▸ **Task instructions**
The expected answer is the data below, retyped exactly.

▸ **Source data**
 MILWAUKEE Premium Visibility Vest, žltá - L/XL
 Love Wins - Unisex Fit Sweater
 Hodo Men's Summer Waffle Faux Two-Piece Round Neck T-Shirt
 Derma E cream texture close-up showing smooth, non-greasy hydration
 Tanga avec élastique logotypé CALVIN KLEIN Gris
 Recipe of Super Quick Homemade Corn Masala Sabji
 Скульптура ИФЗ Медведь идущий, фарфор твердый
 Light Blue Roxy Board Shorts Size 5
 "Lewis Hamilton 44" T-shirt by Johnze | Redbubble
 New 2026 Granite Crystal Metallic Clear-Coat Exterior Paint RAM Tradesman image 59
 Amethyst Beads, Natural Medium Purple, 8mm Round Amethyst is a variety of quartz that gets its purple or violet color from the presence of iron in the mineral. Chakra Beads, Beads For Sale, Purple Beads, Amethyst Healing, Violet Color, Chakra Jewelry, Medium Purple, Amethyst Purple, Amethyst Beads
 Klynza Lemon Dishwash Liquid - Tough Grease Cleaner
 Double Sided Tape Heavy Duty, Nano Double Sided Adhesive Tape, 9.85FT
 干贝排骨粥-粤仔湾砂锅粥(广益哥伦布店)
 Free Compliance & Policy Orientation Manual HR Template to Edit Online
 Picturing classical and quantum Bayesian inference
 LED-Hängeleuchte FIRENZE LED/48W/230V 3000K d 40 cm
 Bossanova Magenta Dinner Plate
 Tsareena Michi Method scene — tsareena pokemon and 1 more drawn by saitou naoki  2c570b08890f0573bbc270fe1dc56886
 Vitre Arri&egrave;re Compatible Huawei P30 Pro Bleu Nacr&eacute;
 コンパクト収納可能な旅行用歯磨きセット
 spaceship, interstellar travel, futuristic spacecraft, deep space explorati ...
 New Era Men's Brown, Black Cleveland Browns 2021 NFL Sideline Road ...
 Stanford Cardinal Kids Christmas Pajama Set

▸ **Response box**
 MILWAUKEE Premium Visibility Vest, žltá - L/XL
 Love Wins - Unisex Fit Sweater
 Hodo Men's Summer Waffle Faux Two-Piece Round Neck T-Shirt
 Derma E cream texture close-up showing smooth, non-greasy hydration
 Tanga avec élastique logotypé CALVIN KLEIN Gris
 Recipe of Super Quick Homemade Corn Masala Sabji
 Скульптура ИФЗ Медведь идущий, фарфор твердый
 Light Blue Roxy Board Shorts Size 5
 "Lewis Hamilton 44" T-shirt by Johnze | Redbubble
 New 2026 Granite Crystal Metallic Clear-Coat Exterior Paint RAM Tradesman image 59
 Amethyst Beads, Natural Medium Purple, 8mm Round Amethyst is a variety of quartz that gets its purple or violet color from the presence of iron in the mineral. Chakra Beads, Beads For Sale, Purple Beads, Amethyst Healing, Violet Color, Chakra Jewelry, Medium Purple, Amethyst Purple, Amethyst Beads
 Klynza Lemon Dishwash Liquid - Tough Grease Cleaner
 Double Sided Tape Heavy Duty, Nano Double Sided Adhesive Tape, 9.85FT
 干贝排骨粥-粤仔湾砂锅粥(广益哥伦布店)
 Free Compliance & Policy Orientation Manual HR Template to Edit Online
 Picturing classical and quantum Bayesian inference
 LED-Hängeleuchte FIRENZE LED/48W/230V 3000K d 40 cm
 Bossanova Magenta Dinner Plate
 Tsareena Michi Method scene — tsareena pokemon and 1 more drawn by saitou naoki  2c570b08890f0573bbc270fe1dc56886
 Vitre Arri&egrave;re Compatible Huawei P30 Pro Bleu Nacr&eacute;
 コンパクト収納可能な旅行用歯磨きセット
 spaceship, interstellar travel, futuristic spacecraft, deep space explorati ...
 New Era Men's Brown, Black Cleveland Browns 2021 NFL Sideline Road ...
 Stanford Cardinal Kids Christmas Pajama Set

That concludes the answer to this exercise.